=== ACTIVITY ===
Locate the line that contains "山东阳信县数字经济创新示范园债权1-4号政府债定融" in the entries below, then repeat it and every following line through the line that contains "Alpengasthof Praxmar Konukevi", exactly, and no others.

=== DATA FOR PROCESSING ===
****

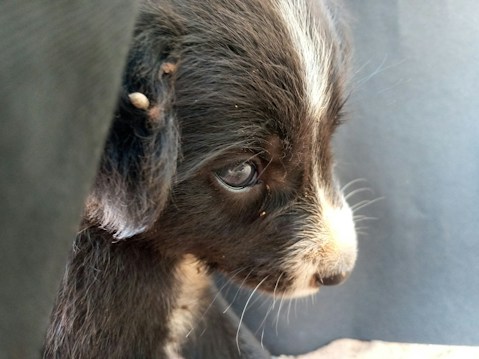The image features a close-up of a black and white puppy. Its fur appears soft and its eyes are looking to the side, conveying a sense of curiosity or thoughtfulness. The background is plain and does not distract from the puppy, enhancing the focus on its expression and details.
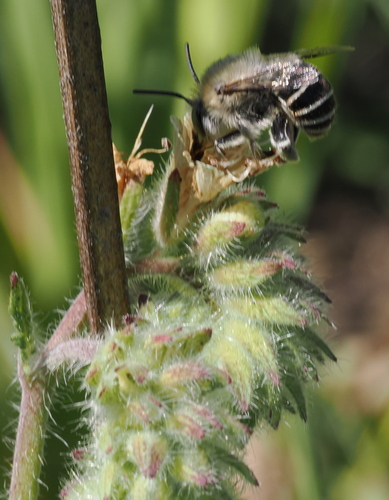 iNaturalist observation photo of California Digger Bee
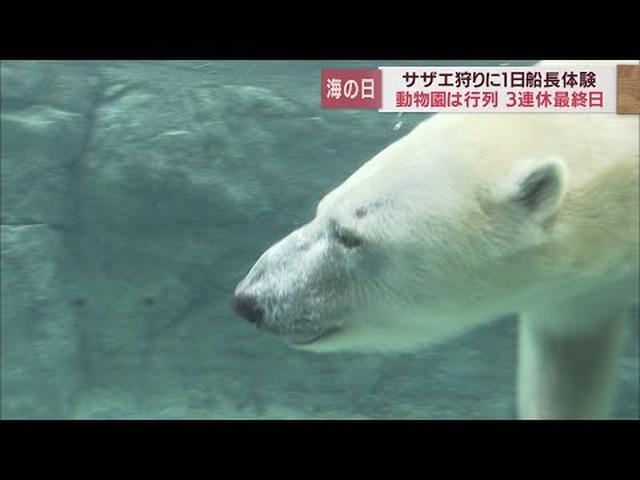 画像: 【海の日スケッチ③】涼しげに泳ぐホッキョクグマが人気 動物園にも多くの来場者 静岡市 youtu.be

****

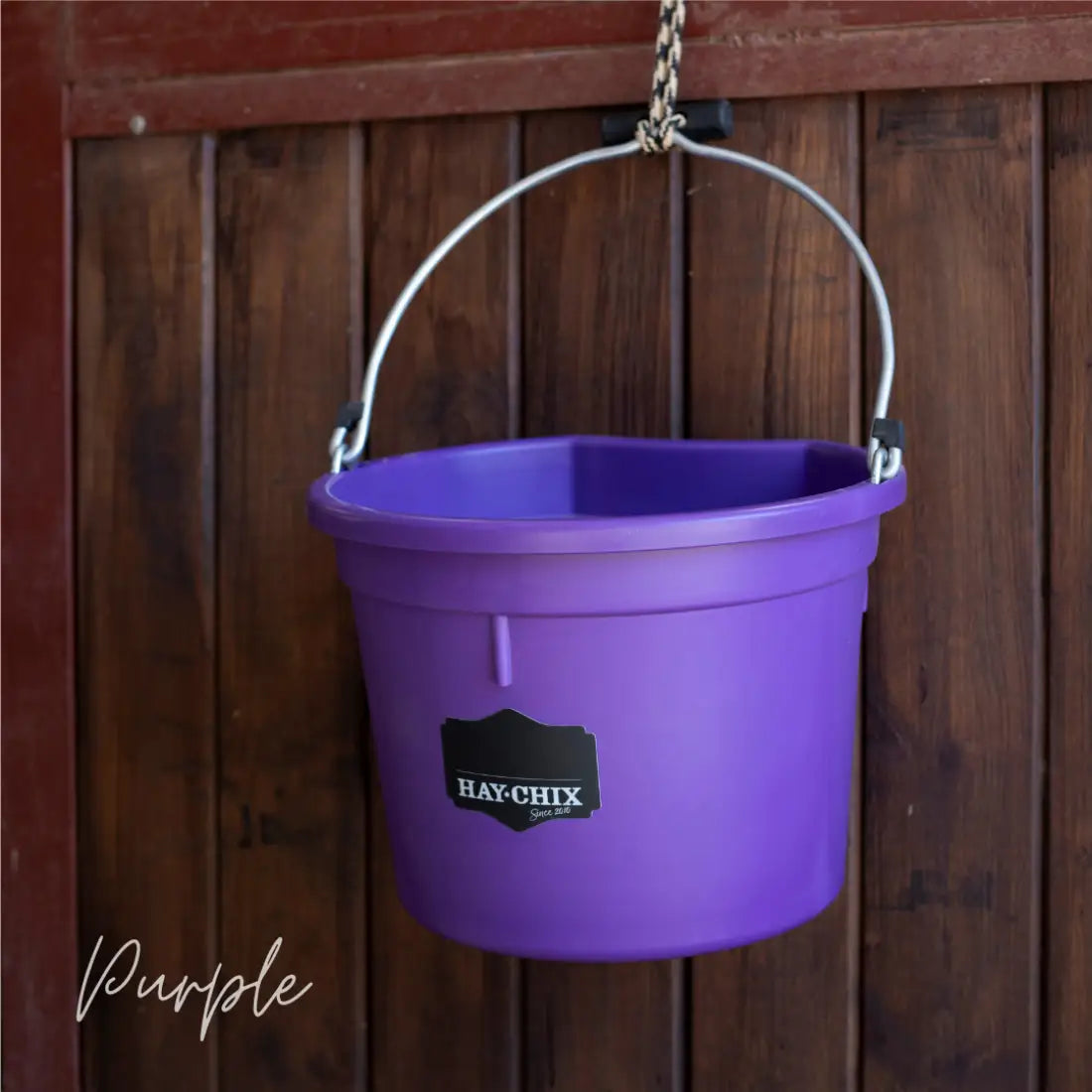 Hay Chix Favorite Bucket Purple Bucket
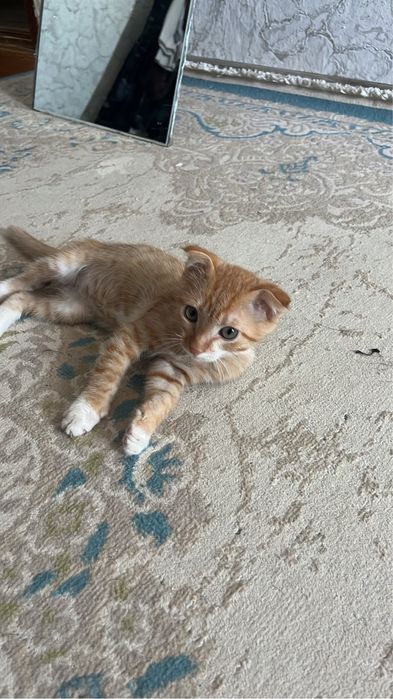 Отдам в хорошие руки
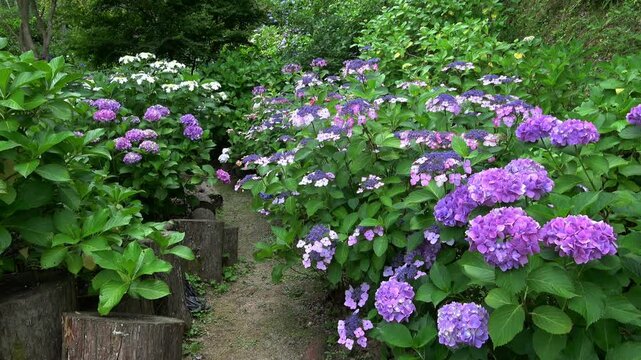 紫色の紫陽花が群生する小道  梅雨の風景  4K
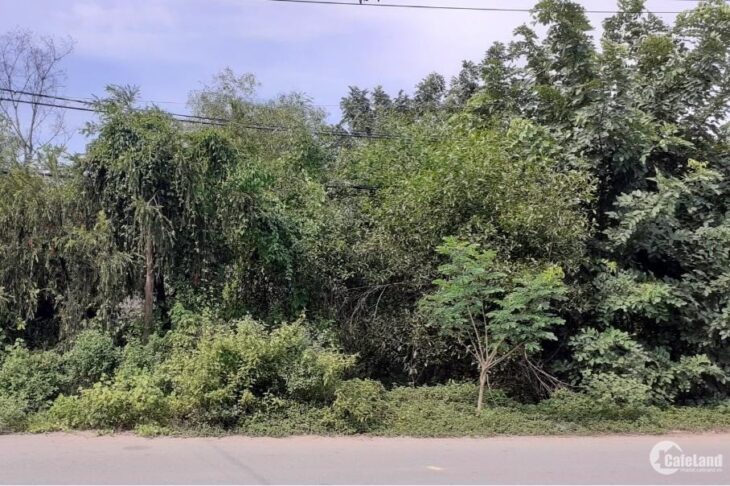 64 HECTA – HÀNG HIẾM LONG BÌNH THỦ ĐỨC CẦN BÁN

****

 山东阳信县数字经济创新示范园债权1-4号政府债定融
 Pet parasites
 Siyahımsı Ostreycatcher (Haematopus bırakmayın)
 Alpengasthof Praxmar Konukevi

****

=== EXERCISE RESPONSE ===
 山东阳信县数字经济创新示范园债权1-4号政府债定融
 Pet parasites
 Siyahımsı Ostreycatcher (Haematopus bırakmayın)
 Alpengasthof Praxmar Konukevi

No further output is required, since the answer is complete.